The doe doesn't like my other goats and since she has horns we have decided to keep them seperated.New fencing going up!
i'm not sure this guy is even capable of being a sire. His jewels almost drag the ground.  makes my hubby uncomfortable to look at 
Can you bathe Angora goats? If so with what?


----------



## username taken (Aug 5, 2009)

wool wash

I'm serious, leaves the fleece feeling and looking great

Yes, you can breed him to the doe and then have him neutered, just get a vet to cut him. Simple. At 2 yrs old even neutered, he will probably still have all the bucky behaviour, mouting, blubbering, and be smelly etc. 

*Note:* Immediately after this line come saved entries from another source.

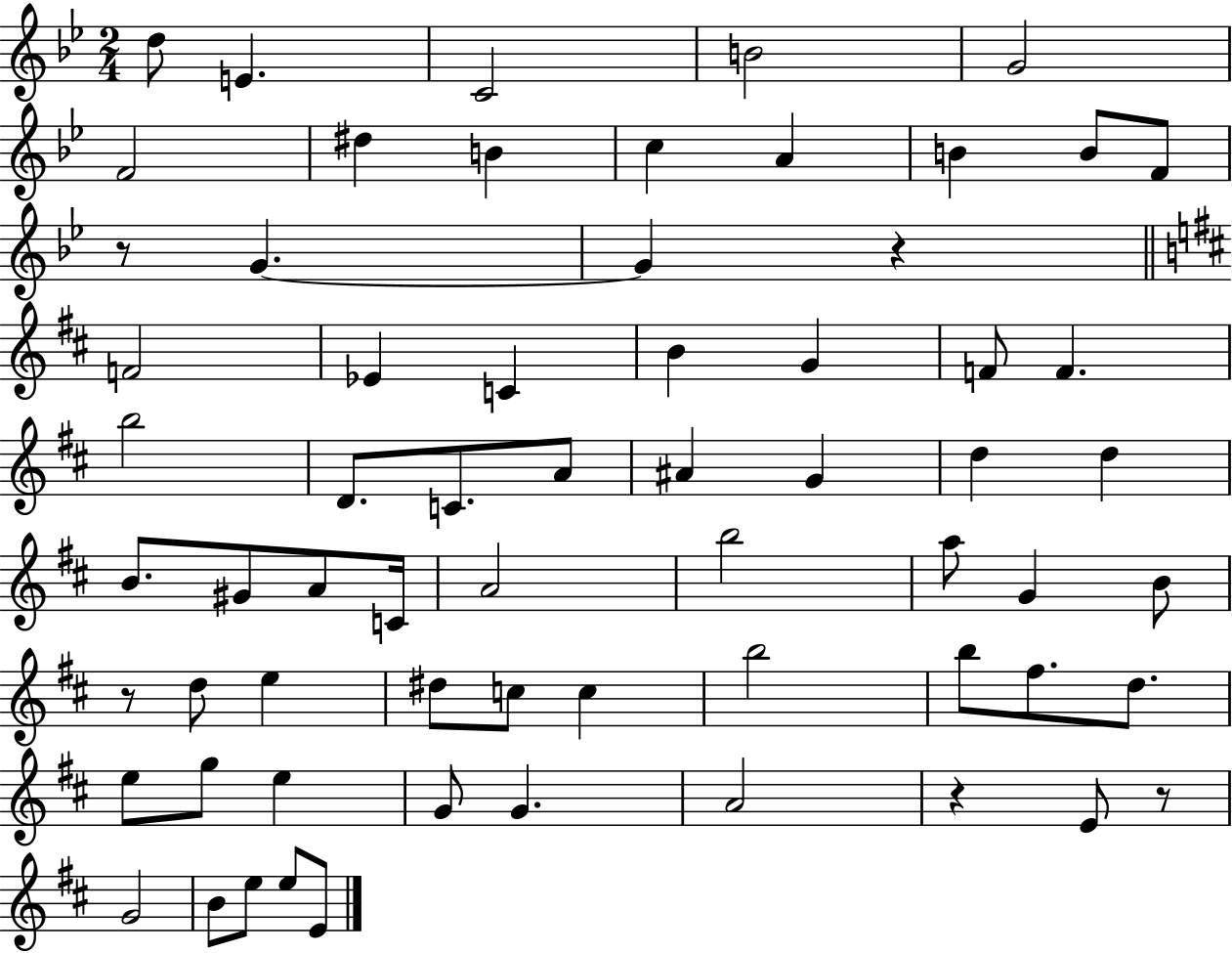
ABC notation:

X:1
T:Untitled
M:2/4
L:1/4
K:Bb
d/2 E C2 B2 G2 F2 ^d B c A B B/2 F/2 z/2 G G z F2 _E C B G F/2 F b2 D/2 C/2 A/2 ^A G d d B/2 ^G/2 A/2 C/4 A2 b2 a/2 G B/2 z/2 d/2 e ^d/2 c/2 c b2 b/2 ^f/2 d/2 e/2 g/2 e G/2 G A2 z E/2 z/2 G2 B/2 e/2 e/2 E/2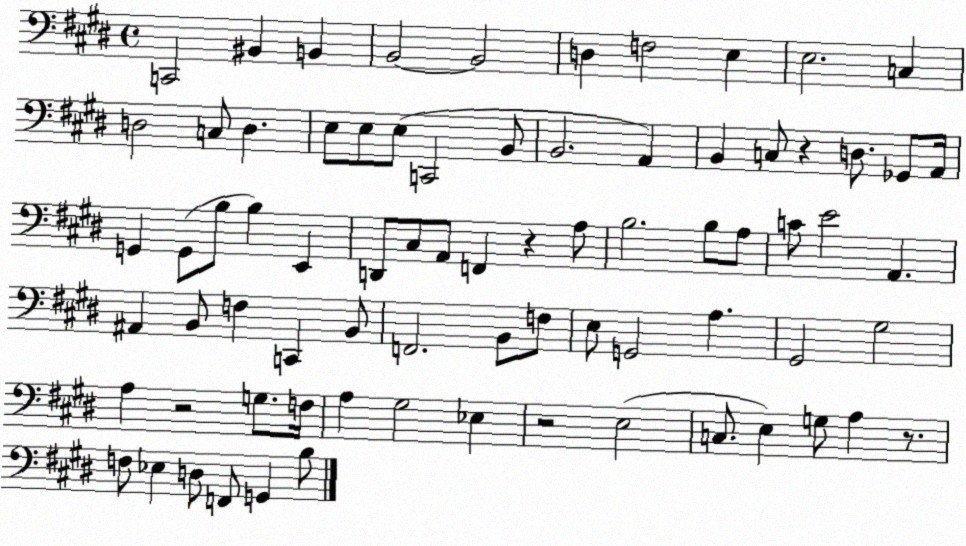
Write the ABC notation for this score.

X:1
T:Untitled
M:4/4
L:1/4
K:E
C,,2 ^B,, B,, B,,2 B,,2 D, F,2 E, E,2 C, D,2 C,/2 D, E,/2 E,/2 E,/2 C,,2 B,,/2 B,,2 A,, B,, C,/2 z D,/2 _G,,/2 A,,/4 G,, G,,/2 B,/2 B, E,, D,,/2 ^C,/2 A,,/2 F,, z A,/2 B,2 B,/2 A,/2 C/2 E2 A,, ^A,, B,,/2 F, C,, B,,/2 F,,2 B,,/2 F,/2 E,/2 G,,2 A, ^G,,2 ^G,2 A, z2 G,/2 F,/4 A, ^G,2 _E, z2 E,2 C,/2 E, G,/2 A, z/2 F,/2 _E, D,/2 F,,/2 G,, B,/2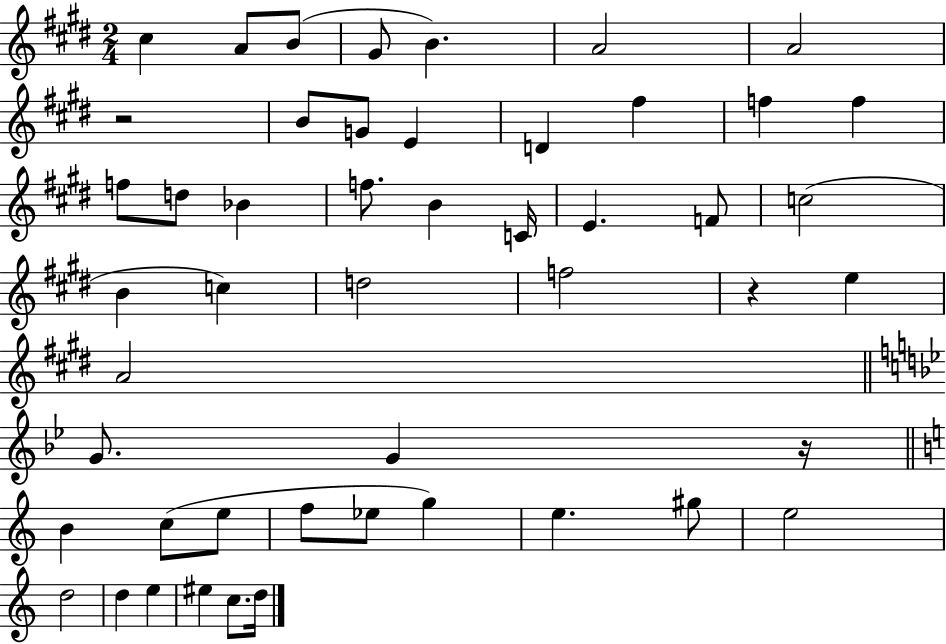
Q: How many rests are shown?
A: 3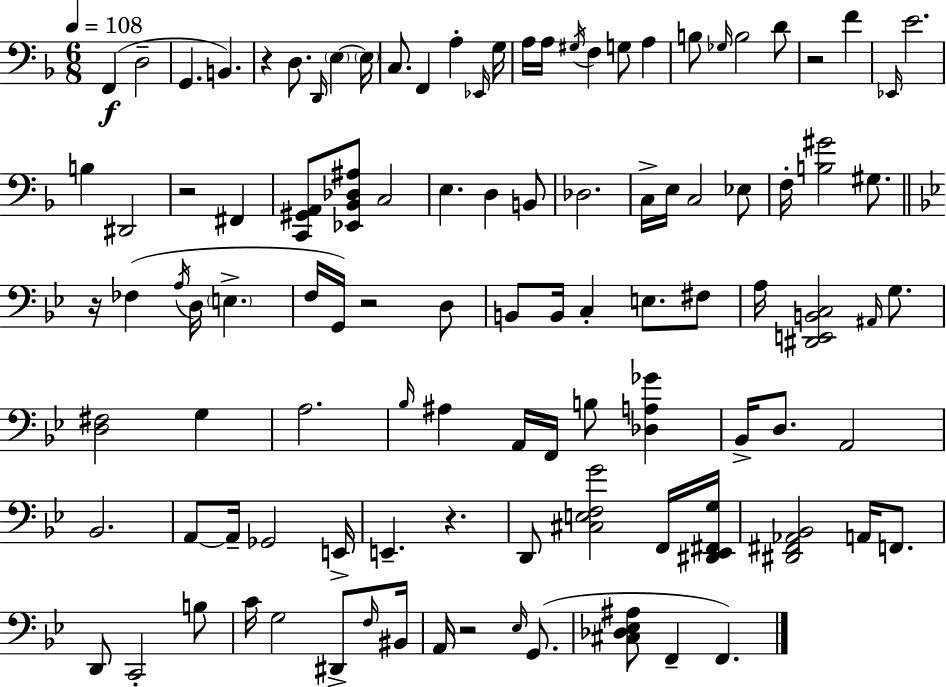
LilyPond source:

{
  \clef bass
  \numericTimeSignature
  \time 6/8
  \key d \minor
  \tempo 4 = 108
  f,4(\f d2-- | g,4. b,4.) | r4 d8. \grace { d,16 } \parenthesize e4~~ | \parenthesize e16 c8. f,4 a4-. | \break \grace { ees,16 } g16 a16 a16 \acciaccatura { gis16 } f4 g8 a4 | b8 \grace { ges16 } b2 | d'8 r2 | f'4 \grace { ees,16 } e'2. | \break b4 dis,2 | r2 | fis,4 <c, gis, a,>8 <ees, bes, des ais>8 c2 | e4. d4 | \break b,8 des2. | c16-> e16 c2 | ees8 f16-. <b gis'>2 | gis8. \bar "||" \break \key g \minor r16 fes4( \acciaccatura { a16 } d16 \parenthesize e4.-> | f16 g,16) r2 d8 | b,8 b,16 c4-. e8. fis8 | a16 <dis, e, b, c>2 \grace { ais,16 } g8. | \break <d fis>2 g4 | a2. | \grace { bes16 } ais4 a,16 f,16 b8 <des a ges'>4 | bes,16-> d8. a,2 | \break bes,2. | a,8~~ a,16-- ges,2 | e,16-> e,4.-- r4. | d,8 <cis e f g'>2 | \break f,16 <dis, ees, fis, g>16 <dis, fis, aes, bes,>2 a,16 | f,8. d,8 c,2-. | b8 c'16 g2 | dis,8-> \grace { f16 } bis,16 a,16 r2 | \break \grace { ees16 }( g,8. <cis des ees ais>8 f,4-- f,4.) | \bar "|."
}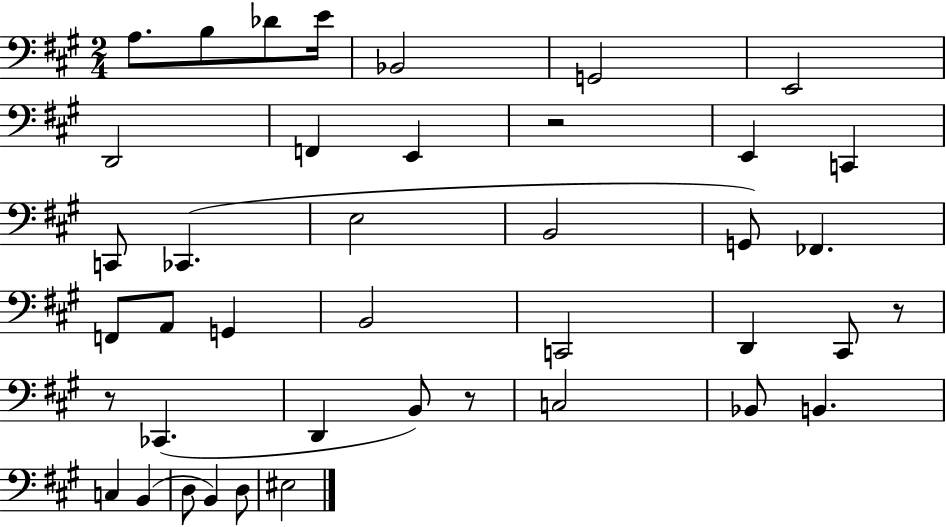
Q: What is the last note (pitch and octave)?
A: EIS3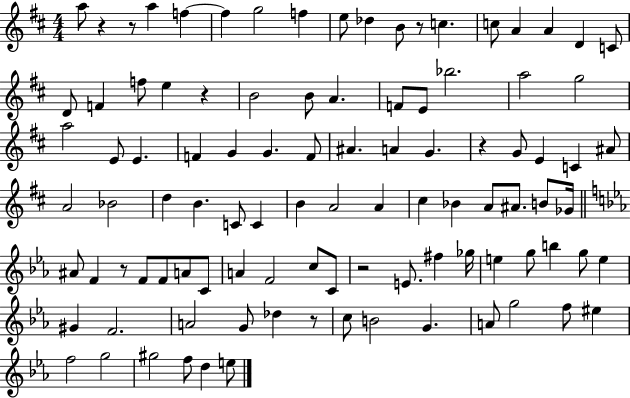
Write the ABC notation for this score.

X:1
T:Untitled
M:4/4
L:1/4
K:D
a/2 z z/2 a f f g2 f e/2 _d B/2 z/2 c c/2 A A D C/2 D/2 F f/2 e z B2 B/2 A F/2 E/2 _b2 a2 g2 a2 E/2 E F G G F/2 ^A A G z G/2 E C ^A/2 A2 _B2 d B C/2 C B A2 A ^c _B A/2 ^A/2 B/2 _G/4 ^A/2 F z/2 F/2 F/2 A/2 C/2 A F2 c/2 C/2 z2 E/2 ^f _g/4 e g/2 b g/2 e ^G F2 A2 G/2 _d z/2 c/2 B2 G A/2 g2 f/2 ^e f2 g2 ^g2 f/2 d e/2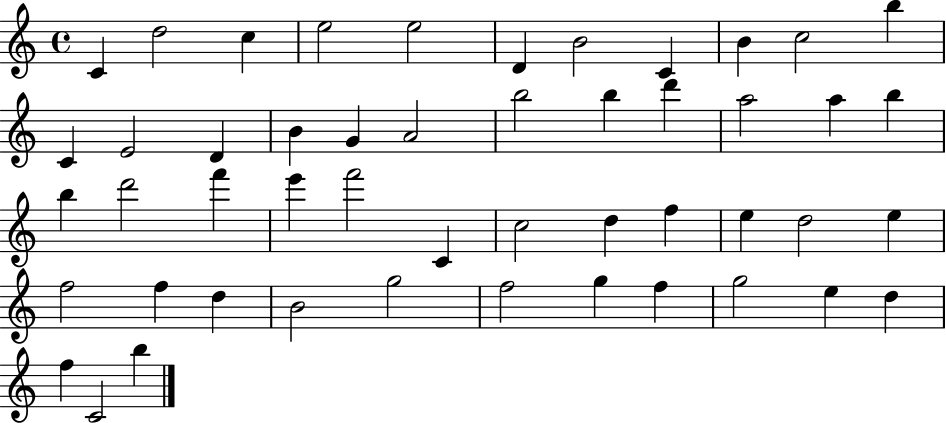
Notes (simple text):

C4/q D5/h C5/q E5/h E5/h D4/q B4/h C4/q B4/q C5/h B5/q C4/q E4/h D4/q B4/q G4/q A4/h B5/h B5/q D6/q A5/h A5/q B5/q B5/q D6/h F6/q E6/q F6/h C4/q C5/h D5/q F5/q E5/q D5/h E5/q F5/h F5/q D5/q B4/h G5/h F5/h G5/q F5/q G5/h E5/q D5/q F5/q C4/h B5/q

I'm not sure I would be so hasty to separate the doe, goats tend to take a while to sort each other out and establish a new pecking order. 99% of the time it ends up fine. 

Dont beat yourself up over an impulse buy ... we've all done it! lol Some of my impulse buys have turned out to be my best goats!

Cant wait to see the pics ... and I'm interested to see the buck's testicles.


----------



## MissJames (Aug 6, 2009)

username taken said:
			
		

> wool wash
> 
> I'm serious, leaves the fleece feeling and looking great
> 
> ...


What is wool wash? and where do you get it?


----------



## mully (Aug 6, 2009)

username taken said:
			
		

> Dont beat yourself up over an impulse buy ... we've all done it! lol Some of my impulse buys have turned out to be my best goats!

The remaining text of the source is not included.